During the 2022 midterms, Republican gubernatorial candidates who ran on school culture-war platforms lost in the swing states of Arizona, Michigan, Pennsylvania, and Wisconsin. Their radical claims about “indoctrination” in the public schools failed to resonate with ordinary voters, most of whom maintain relatively high levels of confidence in teachers. And during this spring’s election cycle, culture-war candidates for school board, including those backed by conservative advocacy groups like Moms for Liberty and the 1776 PAC, largely flamed out, in part because voters increasingly associate the rhetoric of “parental rights” with censorship and intolerance.

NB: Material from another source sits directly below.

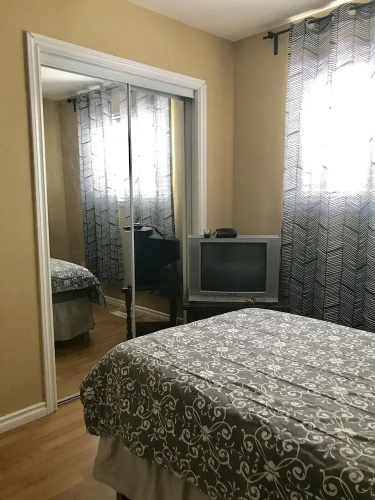 Central Edmonton Private Rooms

It isn’t enough, though, for Democrats to link the GOP and its standard-bearers to book banning, as pollster Celinda Lake recently predicted that Democratic candidates will be doing “up and down the ticket.” To win the issue, they also need to remind Americans what education is good for. Yes, it can create economic opportunity. But our education system has long done so much more. Schools serve as anchors of local communities, especially for rural voters who have long felt ignored by Democrats. Schools prepare students for the responsibilities of life in a democracy—training that is badly needed in these days of civic fragmentation. And schools are places where all young people, regardless of family circumstances, receive relatively equal treatment; they are our strongest commitment to the promise of an equal society.

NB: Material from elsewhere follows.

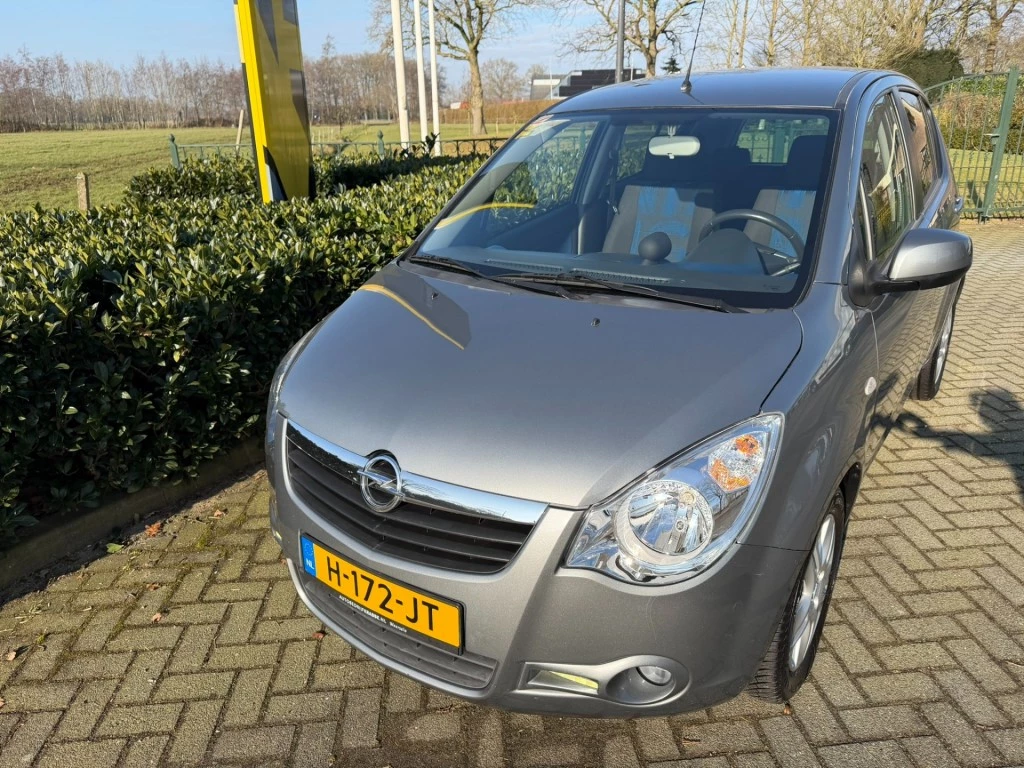Hoofdafbeelding Opel Agila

The Republican Party is engaged in an all-out assault on public education. But Democrats can’t win simply by pointing out the least popular aspects of that agenda. And they certainly won’t win if they continue to embrace the idea that the heart of education is human capital development for a globalized economy. Winning education back means reminding Americans of everything that schools can be.

In doing so, Democrats should take inspiration from the countless places where broad coalitions of parents, teachers, students, and other community members have successfully resisted extremist policies, standing up for public education as an essential democratic institution in the process. By making the case for schools in which every student has the freedom to learn in a safe, affirming environment, these coalitions aren’t just convincing Democratic voters to show up to the polls—they’re winning over independents, and even Republicans, in the process.